Si arrivò al 1899 e la società Sport Club Juventus, prese definitivamente il nome di Football Club Juventus, denominazione che arriverà poi fino ai giorni nostri, e gioca le sue partite in Piazza D’Armi in località Crocetta. Viene anche ufficializzata la prima divisa di gioco, camicia rosa con colletto bianco, cravattino e berretto. La stoffa per le divise fu messa a disposizione dal padre di uno dei soci, industriale tessile. La Juventus fu anche la prima squadra a portare a Torino una formazione straniera, il Montriond di Losanna.
In questo periodo cresce molto il prestigio e la fama della squadra, che acquisisce così il diritto di disputare le partite al Velodromo.

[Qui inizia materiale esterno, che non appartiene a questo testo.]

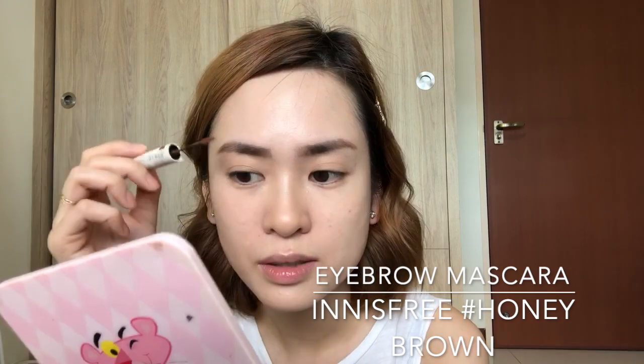I kind of like my eyebrow hair to match the color of my hair, so I'm gonna use a brow mascara. This is from Innisfree — the Brow Mascara — I think this is Honey Brown.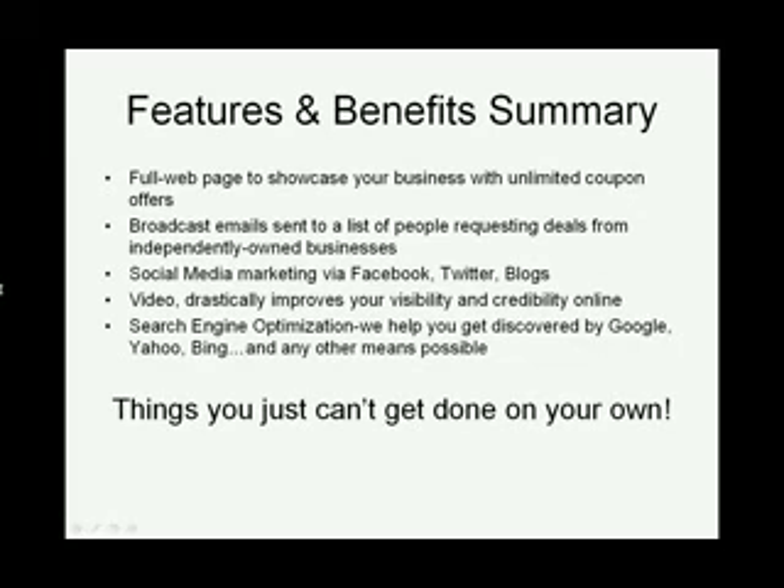You get social media marketing. You hear about all this stuff, like Facebook and Twitter, and you haven't the first idea on how to do it — we do, and we do it for you. We can provide additional services like search engine optimization. This will help you get found on Google searches, Yahoo, and Bing.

Finalmente nel 1900 si iscrisse alla F.I.F., disputando così il suo primo campionato ufficiale che ebbe inizio il giorno 11 maggio. Era la terza edizione. La Juventus giocò la sua prima partita in Piazza D’Armi contro l’FC Torinese e perse per 1-0, uscendo così subito dal torneo. La squadra cominciò in questo periodo a vincere i primi tornei; vinse la medaglia d’oro a Milano, offerta dalla società "L’Esercito", un servizio da scrittoio a Torino, offerto dalla società "Ginnastica Magenta" e la coppa "Ministero Della Pubblica Istruzione" a Torino.
Il 1902 fu l’anno in cui i primi stranieri fecero il loro ingresso nella squadra. Sono uno svizzero e uno scozzese, che all’epoca lavoravano in una filanda di Torino. In questo periodo la stampa ancora non dava molto spazio al calcio, praticato maggiormente nella parte settentrionale della penisola. La Juventus prese parte per l’ennesima volta al campionato, insieme ad altre squadre Torinesi; l’FC Torinese, l’Audace Torino e la Ginnastica Torino. La Juve giocò bene, ma alla fine dovette cedere nuovamente all’FC Torinese.
In quest’anno le cose non andarono molto bene, e lo scudetto andò al Genoa. Era periodo d’esami e i pensieri erano altrove. Nonostante tutto arrivò l’ennesima coppa "Ministero Della Pubblica Istruzione", molto ambita per l’epoca.
Nel 1903 ci fu una vera e propria svolta significativa, la divisa della Juventus divenne a strisce verticali bianche e nere. Curiosamente il cambio non fu voluto, ma casuale. Un imprenditore simpatizzante per la Juve, tale John Savage, si offrì di acquistare le nuove divise e le ordino in un emporio di Notthingham, dove aveva contatti economici. Per un errore di spedizione, invece di arrivare le classiche divise rosa arrivarono quelle a strisce, identiche a quelle del Notts County. Visti i pochi soldi che giravano all’epoca, si scelse di tenere le divise ugualmente e di ufficializzarle. Quell’anno la Juventus, vuoi per le nuove maglia, cominciò a farsi notare seriamente ed arrivò in finale contro il Genoa, che però si aggiudicò per l’ennesima volta il trofeo.
Il 1904 è l’anno in cui si disputarono le prime trasferte internazionali, la Juventus viene invitata a Losanna in rappresentanza del calcio italiano, per disputare un torneo. Nel campionato italiano la Juventus arrivò nuovamente in finale contro il Genoa, ma anche questa vinsero i liguri, con uno stretto 1-0 combattuto fino alla fine. Nuovi soci arrivano alla Juventus, e con questi anche nuovi soldi che rafforzano le fondamenta della società. Dalla svizzera arrivarono i tre fratelli Ajmone Marsan e il campo di gioco ufficiale si sposto dalla Piazza D’Armi al Velodromo Umberto I, dotato finalmente di tribune. La sede sociale venne poi trasferita in Via Pastrengo.